O yeah, by mistake I initiated the second long long variable pod to 1 which gave me false result (i.e. 1 more than the desired). So , I corrected my mistake and made pod=0 and here came the PROBLEM after changing it my program's execution time increased to more than twice even larger than the program which does the same task without using pthread. I can't think of what's happening inside. Please help the program.

pod=1 exec.time=~2.8secs

pod=0 exec.time=~11.4secs

when sum=1 pod=1 exec.time bounces to ~25.4secs

Why is it shifting due to changing values?

Also, I found out if one variable is 0 and other's not then their addresses are not continuous.
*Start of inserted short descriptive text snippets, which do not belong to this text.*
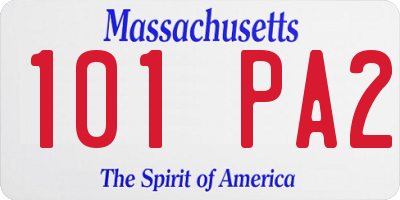 MA license plate 101PA2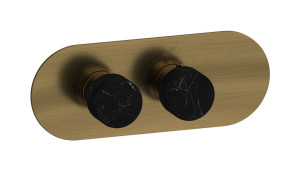 Комплект наружных частей термостата на 1 потребителей - горизонтальная овальная панель с ручками Marmo WE ARE IB eua122mbnmr_2 Modern Bronze Aqua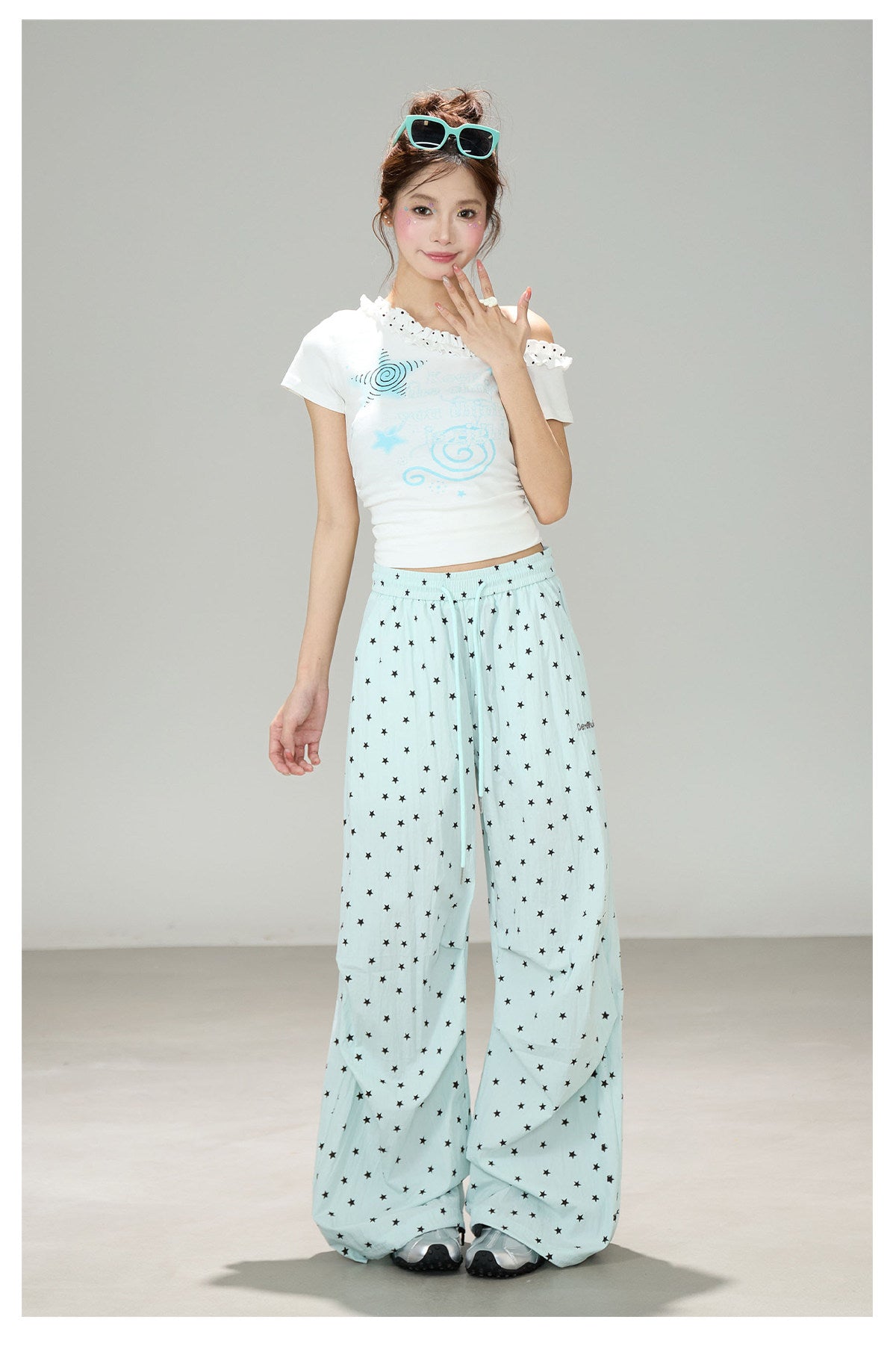 Light Blue Star Wide Leg Pants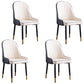 Modern Style Metal Armless Chair Faux Leather Side Chair for Dining Room Black White 4 Piece Set Clearhalo 'Dining Chairs' 'Dining Tables & Seating' 'dining_chair' 'furn' 'furn_dining_chair' 'Furniture' 'furniture_dining_chair' 'Kitchen & Dining Furniture' 4832366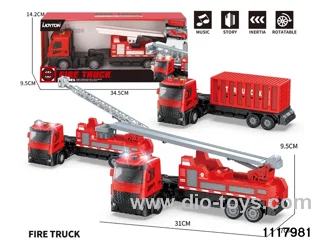 3 style friction fire truck with light/sound，include 3*AG13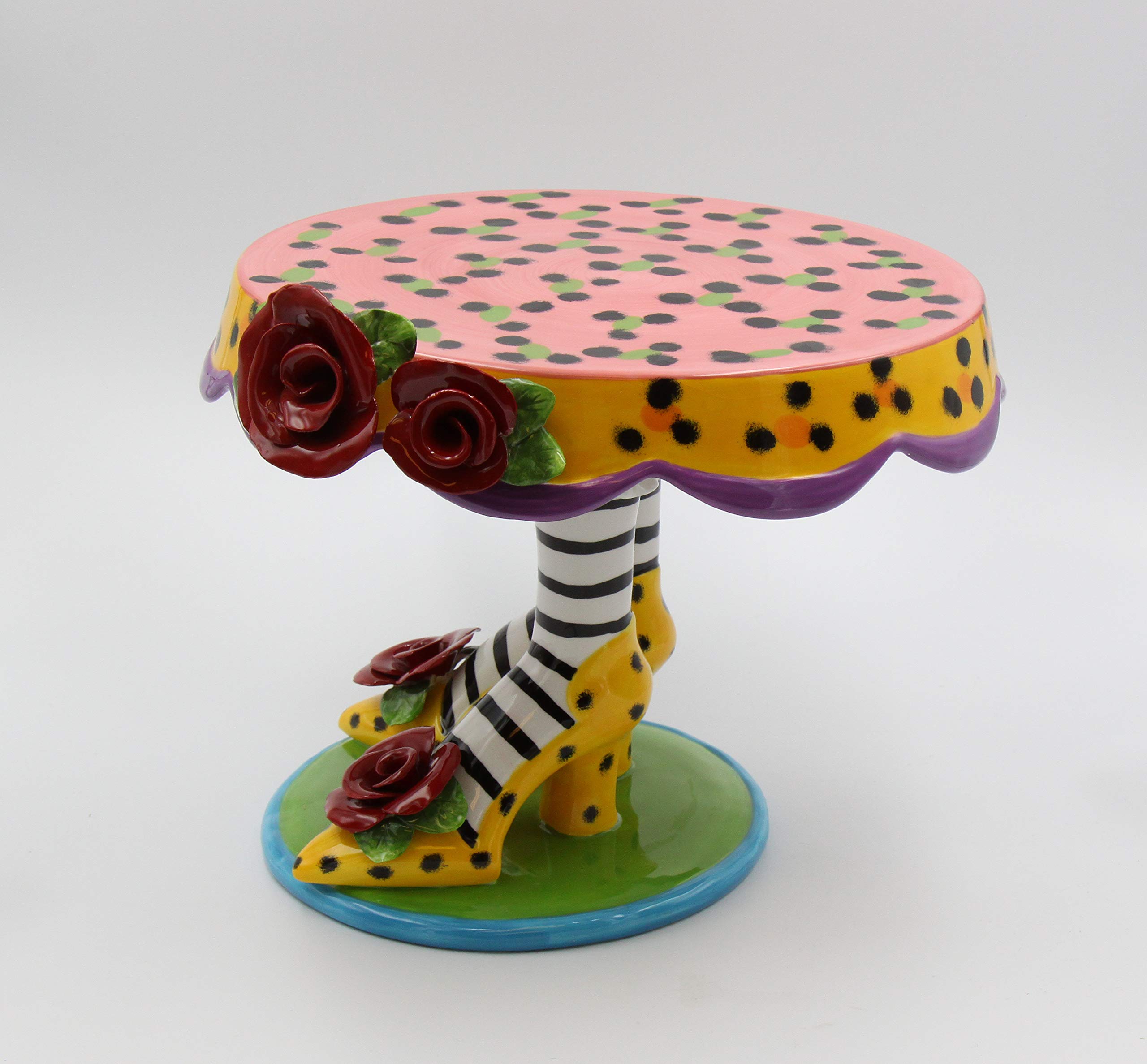Babs Ceramic 10-Inch Pink Cake Stand for Desserts, Wedding Cakes, Cupcakes & Party Display - Elegant Sugar High Social Collection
Using Devcpp's gcc4.9.2 with -pthread switch

Cœur
  • 37,241
  • 25
  • 195
  • 267

1 Answers1

5

You are seeing false sharing caused by sum and pod being initialized the same way in close proximity. This causes them to share a cache line.

As each thread tries to modify the cache line, it will find that the other thread has modified it last and the inter-core protocol has to be invoked to transfer ownership of the modified cache line from the other core to this core. The cache line will ping-pong back and forth and the two threads will run at the speed of the inter-core bus -- much worse than the speed of a single thread repeatedly hitting its L1 cache. This phenomenon is called false sharing.

By initializing one and not the other, you caused them to be allocated in different segments. This made the false sharing go away as they are now too far apart to share a cache line.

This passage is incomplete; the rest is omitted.